▶ [Required work]
Print every record exactly, but leave out the pictures.

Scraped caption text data
=== Section Start ===

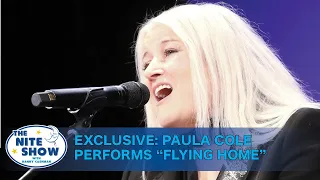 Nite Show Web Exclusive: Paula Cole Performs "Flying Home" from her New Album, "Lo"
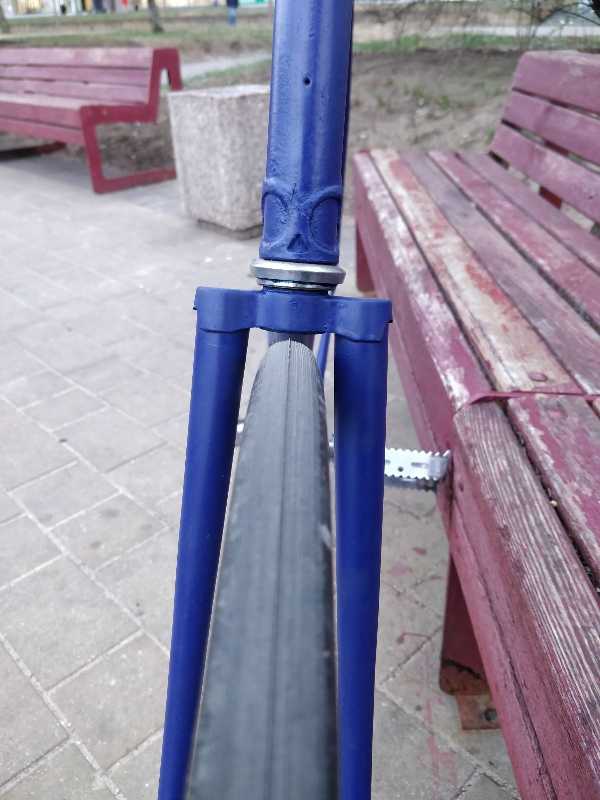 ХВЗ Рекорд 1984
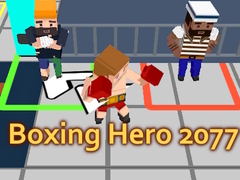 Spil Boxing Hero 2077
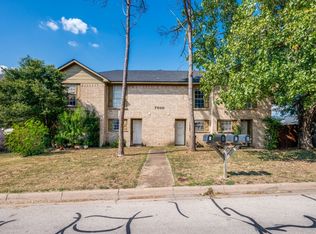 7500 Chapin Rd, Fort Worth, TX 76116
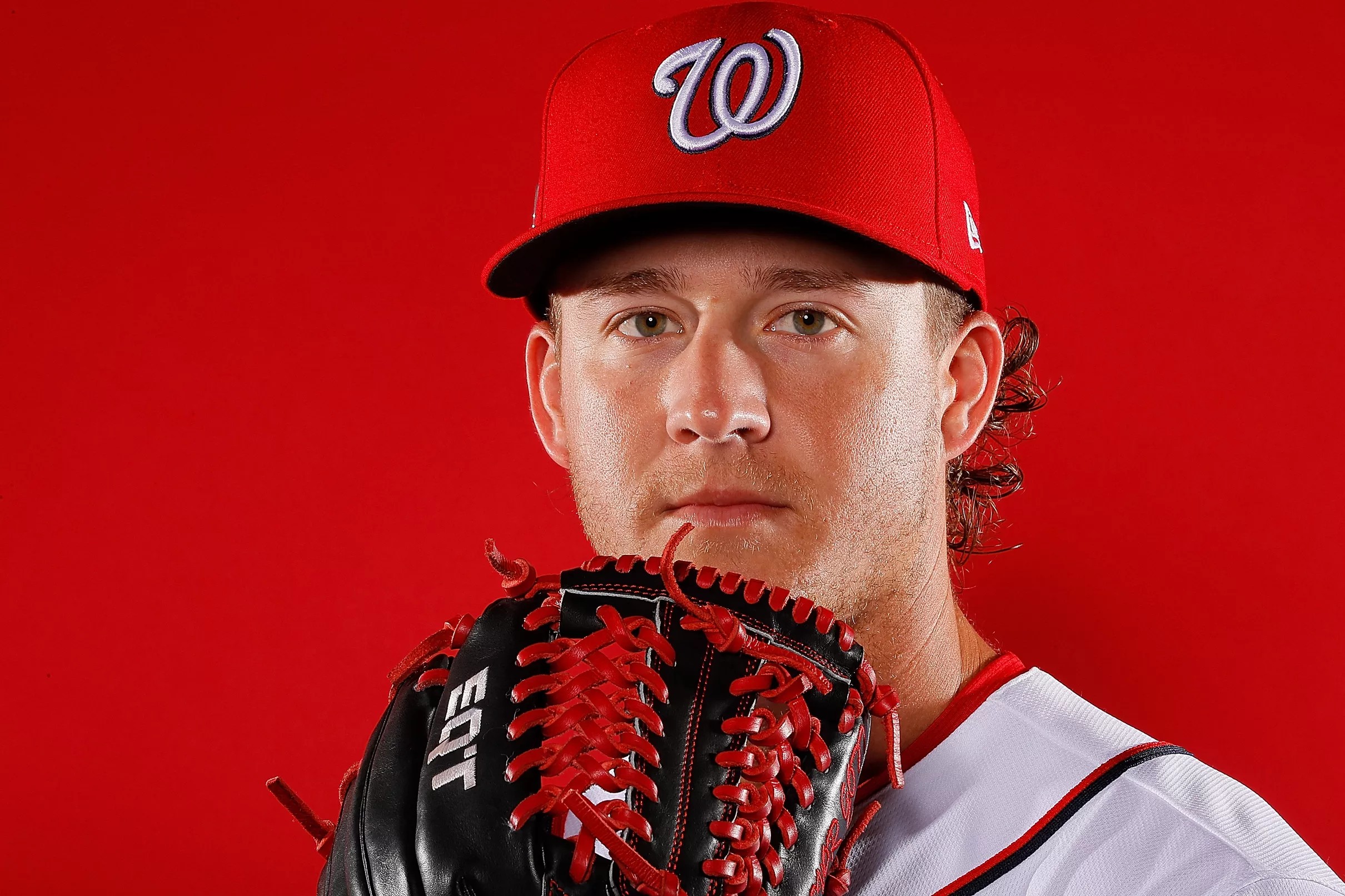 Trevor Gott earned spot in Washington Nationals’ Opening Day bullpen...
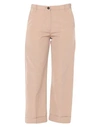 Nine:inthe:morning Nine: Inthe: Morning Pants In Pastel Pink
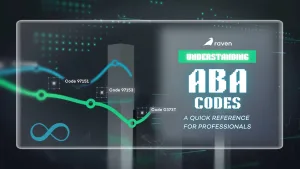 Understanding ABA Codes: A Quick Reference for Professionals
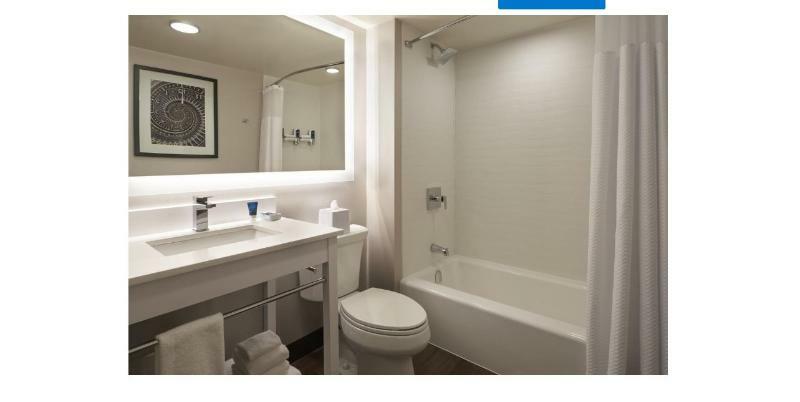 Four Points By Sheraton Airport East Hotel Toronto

=== Section End ===

▶ [Answer]
 Nite Show Web Exclusive: Paula Cole Performs "Flying Home" from her New Album, "Lo"
 ХВЗ Рекорд 1984
 Spil Boxing Hero 2077
 7500 Chapin Rd, Fort Worth, TX 76116
 Trevor Gott earned spot in Washington Nationals’ Opening Day bullpen...
 Nine:inthe:morning Nine: Inthe: Morning Pants In Pastel Pink
 Understanding ABA Codes: A Quick Reference for Professionals
 Four Points By Sheraton Airport East Hotel Toronto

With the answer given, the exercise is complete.